Anonymous é um coletivo de hackers popular que organizou alguns dos maiores ataques cibernéticos no início dos anos 2010.
Ameaças internas
Ameaças internas vêm de funcionários, parceiros, contratados, fornecedores, ou qualquer pessoa com acesso aos recursos da organização.
Ao contrário de outras fontes de ameaças cibernéticas, nem todos os problemas internos têm intenções prejudiciais.
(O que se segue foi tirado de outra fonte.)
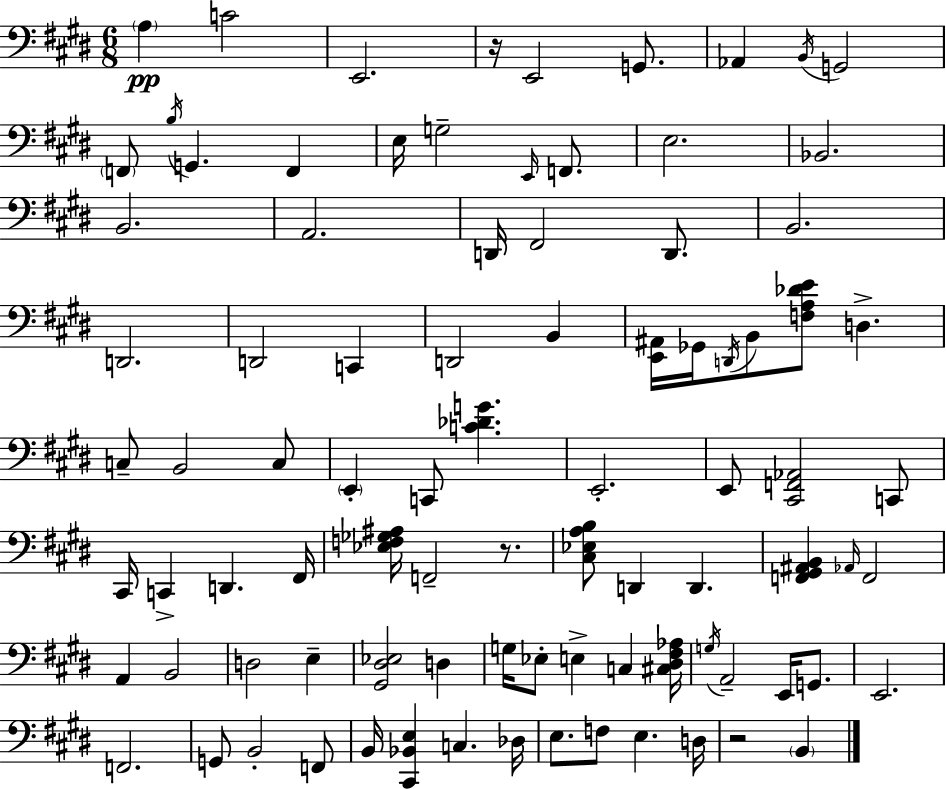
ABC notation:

X:1
T:Untitled
M:6/8
L:1/4
K:E
A, C2 E,,2 z/4 E,,2 G,,/2 _A,, B,,/4 G,,2 F,,/2 B,/4 G,, F,, E,/4 G,2 E,,/4 F,,/2 E,2 _B,,2 B,,2 A,,2 D,,/4 ^F,,2 D,,/2 B,,2 D,,2 D,,2 C,, D,,2 B,, [E,,^A,,]/4 _G,,/4 D,,/4 B,,/2 [F,A,_DE]/2 D, C,/2 B,,2 C,/2 E,, C,,/2 [C_DG] E,,2 E,,/2 [^C,,F,,_A,,]2 C,,/2 ^C,,/4 C,, D,, ^F,,/4 [_E,F,_G,^A,]/4 F,,2 z/2 [^C,_E,A,B,]/2 D,, D,, [F,,^G,,^A,,B,,] _A,,/4 F,,2 A,, B,,2 D,2 E, [^G,,^D,_E,]2 D, G,/4 _E,/2 E, C, [^C,^D,^F,_A,]/4 G,/4 A,,2 E,,/4 G,,/2 E,,2 F,,2 G,,/2 B,,2 F,,/2 B,,/4 [^C,,_B,,E,] C, _D,/4 E,/2 F,/2 E, D,/4 z2 B,,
Pode se resumir a erros humanos inadvertidos, como funcionários instalando inadvertidamente software não autorizado, caindo em um golpe de phishing ou perdendo um dispositivo emitido pela empresa.
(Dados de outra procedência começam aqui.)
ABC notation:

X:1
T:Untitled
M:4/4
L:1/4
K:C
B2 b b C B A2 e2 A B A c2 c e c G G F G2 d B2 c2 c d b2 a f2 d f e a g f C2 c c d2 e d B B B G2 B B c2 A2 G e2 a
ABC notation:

Por exemplo, um hacker de 18 anos invadiu a Uber Technologies em 2022 usando técnicas de engenharia social para obter credenciais de autenticação de um contratado da empresa.
56%
das ameaças internas surgem de negligência de funcionários ou contratados.
Fonte: Instituto Ponemon
Mas insiders maliciosos existem. Esses traidores abusam de seus privilégios de acesso para roubar dados para ganho monetário ou causar danos a dados ou aplicativos. Violações de dados causadas por insiders maliciosos são mais caras, custando $4,90 milhões em comparação com o custo médio de uma violação de dados de $4,45 milhões.
Ciberterroristas
Organizações terroristas lançam ataques cibernéticos motivados politicamente ou ideologicamente que ameaçam ou resultam em violência. Alguns ciberterroristas são patrocinados pelo estado, e outros agem por conta própria ou em nome de um grupo não governamental.
Alvos de ataques cibernéticos: Quem e o que os cibercriminosos visam?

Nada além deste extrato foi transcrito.